見逃せない遠軽町の助成事業。目指すは町民の心を熱くするチームへ 遠軽(北海道)【後編】
遠軽町唯一の遠軽高校。遠軽の強さを語る場合、町との関係は必要不可欠である。今回は遠軽町の助成事業に迫っていきたい。これは全国の公立高校、自治体にとっても参考になる取り組みかもしれない。
町をあげての助成事業で生徒数も部員数も増加
バスをバックに集合写真を撮る遠軽の選手たち
遠軽高校は遠軽町唯一の高校ということもあり、非常に期待も高い。読者の皆様にとっては野球部が強いイメージと思うが、実は吹奏楽局も12年ぶりに全国大会に出場するなど、他部活も盛んだ。町は学校に対して、通学・下宿の手当ての補助を行っている。平成27年10月1日に助成事業の要項が発表。その内容はウェブサイトでも掲載されている。
通学定期券を購入して通学する生徒 購入額の2分の1以内の額、また下宿費用は上限3万を町が負担している。
町としては年間数千万を負担していても、この事業を推し進める理由は生徒数を確保したい思惑がある。生徒数を確保することで、それにかかわる教員の確保にもつながり、結果的に教員の雇用につながるのだ。
遠軽野球部は下宿生が多く、主将の浅野駿吾も下宿生で、「親の負担が軽くなるので、進学理由として大きかったです」と語る。また浅野だけではなく、「下宿費用の補助は大きかったです」とこの事業を知って、進学を決めた選手が多い。これは野球部だけではなく、他部活の生徒も下宿している生徒が多くなっている。
ノックを受ける遠軽の選手たち
また野球部の環境も整備されてきた。専用グラウンドがあり、外野後方にはビニールハウスの練習場と2013年に選抜出場した際の寄付金で、完成した雨天練習場や、野球部専用の大型バスもある。
さらに遠軽町は強豪校の夏季キャンプの誘致にも積極的で、その1つが横浜隼人。毎年7月末に訪れ、キャンプを行い、遠軽も練習試合を行っている。
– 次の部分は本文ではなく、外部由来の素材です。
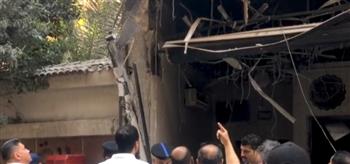 السيطرة على حريق مطعم نتيجة انفجار أسطوانة غاز في المحلة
選手の意識も、組織力も高い横浜隼人との交流は遠軽ナインにとっては大きな刺激となっており、阿波監督は「とてもありがたいことで、その恩返しは結果を残したり、応援してもらえるような人間性を身に付けていかなければなりません」
町の期待に応えられるチーム作りを行っている。
町民の心に響くチームへ
打撃練習を行う遠軽の選手たち
今年の遠軽はそんな町の期待に応えられる選手が集まっている。捕手としてスローイングタイム1.9秒台の強肩を誇り、好左腕・石澤大和から4打数4安打を放ち、投手としても146キロを計測する主将・浅野、パンチ力溢れるセカンド・間村湧介、広角に長打が打てる強打の一塁手・東海林大貴の3年生に加え、2年生には遊撃手・投手を兼任する市川 竜輝は140キロ台の速球にも対応できる打力を持ち、マウンドに上がれば、最速135キロのストレートと縦スライダーを武器にリリーフとして好投を見せる。
さらに市川は中学時代から実績が優れ、捕手としてベンチ入りする楢林 優斗とともに、2017北海道選抜U-15代表に選ばれた実績を持っている。
今回の北見支部予選では3試合を戦って、すべて6点差以上の勝利と圧巻の試合内容だった。
左から岡本、浅野の遠軽バッテリー
町民は試合の観戦にも訪れ、初戦で実力校・網走南ヶ丘を破った試合は町民にとっては感激の試合内容だったようで、今まで以上に遠軽野球部を注目しないといけないという声が多かった。
それは選手たちの実力はもちろん、一体となって戦う姿が町民の心に響いていた。
強豪揃いの北北海道を勝ち抜くためにさらに鍛錬を続け、遠軽初の夏の甲子園を実現する。